Berlin (dts) - Unmittelbar vor dem Spitzentreffen mit den Personalvorständen der 30 Dax-Unternehmen am Montag, hat Arbeitsministerin Ursula von der Leyen (CDU) erneut mit einer Regelung der Frauenquote per Gesetz gedroht. "Wenn sich in den DAX-Konzernen auf den Top-Ebenen weiter nichts tut, brauchen wir ein Gesetz, das ist meine feste Überzeugung", sagte sie der "Frankfurter Allgemeinen Sonntagszeitung". In einem Zielkatalog der Dax-Konzerne und der teilnehmenden Bundesminister, wurde eine deutliche Erhöhung des Frauenanteils auf mittlerer und höherer Führungsebene angekündigt.

Änderungen in den Vorständen und Aufsichtsräten werden darin nicht erwähnt. Auch Familienministerin Kristina Schröder will Verstöße gegen ihre geplante "Flexi-Frauenquote" mit Bußgeldern von bis zu 25 000 Euro ahnden.

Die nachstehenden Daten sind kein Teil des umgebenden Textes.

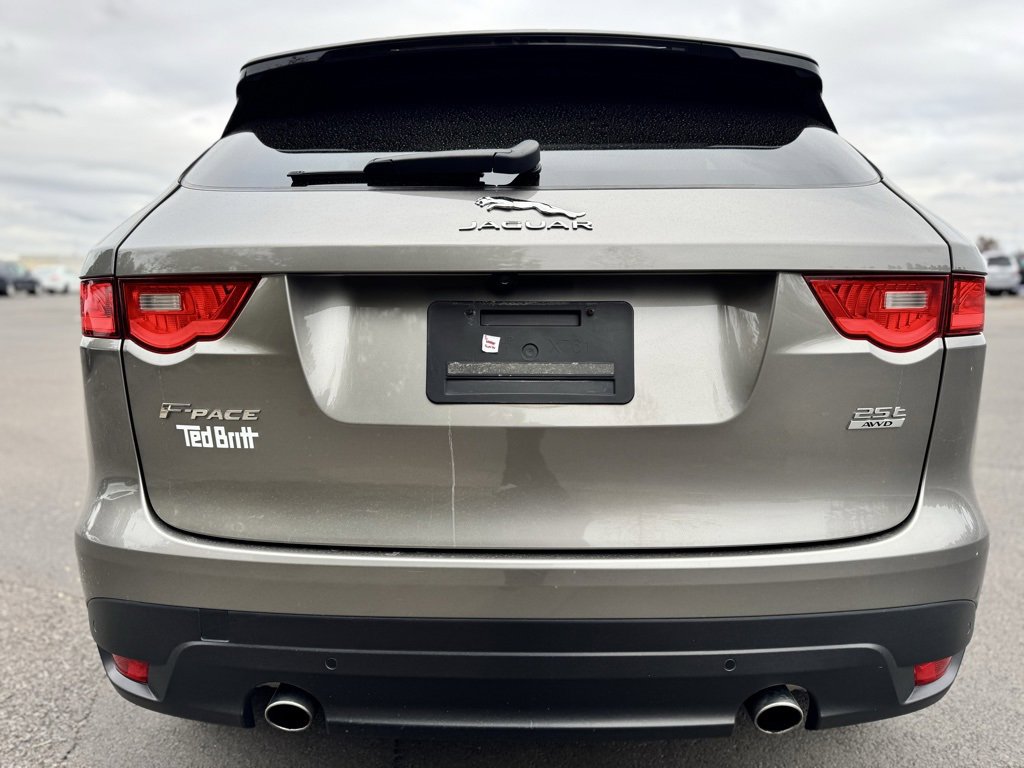 Used 2018 Jaguar F-PACE Prestige image 8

Die "Flexi-Frauenquote" soll Unternehmen per Gesetz verpflichten, sich selbst individuelle Zielvorgaben zu setzen. Die FDP-Politiker Philipp Rösler und Sabine Leutheusser-Schnarrenberger, die ebenfalls an dem Treffen teilnehmen, sprachen sich gegen eine gesetzliche Regelung aus und betonten, dass die alleinige Kompetenz für eine solche Regelung bei der Justizministerin lege.